Monday, February 09, 2015

Heroes And Villains: Mallorca's hoteliers

The regional tourism minister, Jaime Martínez, remarked the other day that, though Mallorca's main hotelier groups were investing heavily in overseas markets, they were still also investing in Mallorca. If one were being cynical, one could consider this final clause to be a defence against a widely levelled accusation: that these main hoteliers are far more interested in developments in foreign lands than in ones in their own small land.

Quite clearly the hoteliers are investing in Mallorca. Meliá we know all about, but of others? Well, Iberostar has been spending a pretty centimo or two in Cala Millor and Playa de Palma, where Riu is likewise engaged in putting up investment cash. There are plenty of other examples. But for any one or two investments on the island, greater investment activity abroad can be pointed to. To take Riu as an example, between 2014 and 2016 it will have invested in, had built or acquired hotels in Aruba, Mauritius, Morocco, Tunisia, Sri Lanka and New York, to say nothing of developments in Bulgaria and Tenerife. Though Riu has decided to abandon Cuba, its large fellow Mallorcan players are quite happy to take a deeper plunge in the scramble for the Castro-lite Cuba, now undergoing a relationship normalisation with the White House.
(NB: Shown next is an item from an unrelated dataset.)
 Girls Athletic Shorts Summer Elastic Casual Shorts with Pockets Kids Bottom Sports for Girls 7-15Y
All of this overseas activity is, therefore, picked up on and used as evidence for the prosecution in damning the large hoteliers for seeking ever greater riches on foreign shores and leaving poor Mallorca to a slow death of comparative lack of quality and investment. How can these companies, these Mallorcans do such a thing?

It's all nonsense of course. Mallorca's "Big Four" (Meliá, Riu, Iberostar, Barceló) and some of the smaller pretenders to this quartet are global businesses. The clue to their interest in foreign investment lies with the adjective. Global businesses don't become global businesses by channelling all their wealth into markets with limited (very limited) scope for growth; and Mallorca offers very limited scope, especially for new developments. They act in accordance with principles of growth that are relevant to any industry: if you have built a strong home market with limited further opportunity, then you look elsewhere, especially when the industry you serve - tourism - is as avaricious for new destinations as it is.
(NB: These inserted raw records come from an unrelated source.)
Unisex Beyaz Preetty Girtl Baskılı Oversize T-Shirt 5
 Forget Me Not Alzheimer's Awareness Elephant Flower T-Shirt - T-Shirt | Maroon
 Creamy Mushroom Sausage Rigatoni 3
Do Mallorcans (and indeed foreign residents living in Mallorca) love the Big Four and the other large hoteliers? Those who are employed by them or who have businesses that supply them would probably say yes. But as for everyone else?

The people who criticise the apparent neglect of Mallorca in favour of global development are probably among the ones who also harangue the hoteliers for their opposition to the private holiday accommodation sector. The hoteliers are, therefore, damned whatever they do. Invest much more heavily in Mallorca, and they'll get slammed for their attempts to further dominate the island's accommodation market and for being the sole beneficiaries of Delgado-Martínez Law, i.e. the 2012 tourism bill. Plough millions upon millions into some desert island, and they are branded traitors on account of their imperialist ambitions at the expense of little old Mallorca. And, to compound the apparent felony of imperialism, it is these very hotel groups which have exported know-how that has enabled other destinations to grow. Treachery.

The Big Four and others should be businesses of which Mallorcans can be proud. They are Mallorca internationally. But the pride seems reserved, while often there is little or no pride; only antagonism. It is a pity. These are businesses which haven't got where they are by luck. They are pretty damn good at what they do, and when puerile remarks are made along the lines of the "Mallorcans don't know what they're doing" (in terms of tourism), then perhaps those who make such remarks should spend a bit of time studying the histories of the leading hotel chains.

All this overseas activity casts the hoteliers in a type of ambassadorial role. Meliá's Gabriel Escarrer, for one, believes that the hotel chain's presence in some forty countries helps to enhance Spain's brand internationally. Consequently, global growth over some three decades has led to a reciprocal benefit for Spain in drawing visitors attracted by values of service, culture and lifestyle inherent to the Meliá brand.

But then, perhaps this is, for some Mallorcans, a different problem. Globalisation has assisted the Spanish brand, not that of Mallorca. The hoteliers are thus cast in a different role, that of being "españolistas" and not "nationalistas" (Mallorcan ones, that is).

Maybe the lack of love boils down to a simple dislike of big business - and the hoteliers are Mallorca's big business - and to a more fundamentalist disapproval of the changes that have been wrought by tourism business. Or perhaps it's simpler still. Plain jealousy. There are a few seriously wealthy families in Mallorca, and it doesn't take much to figure out which ones they are.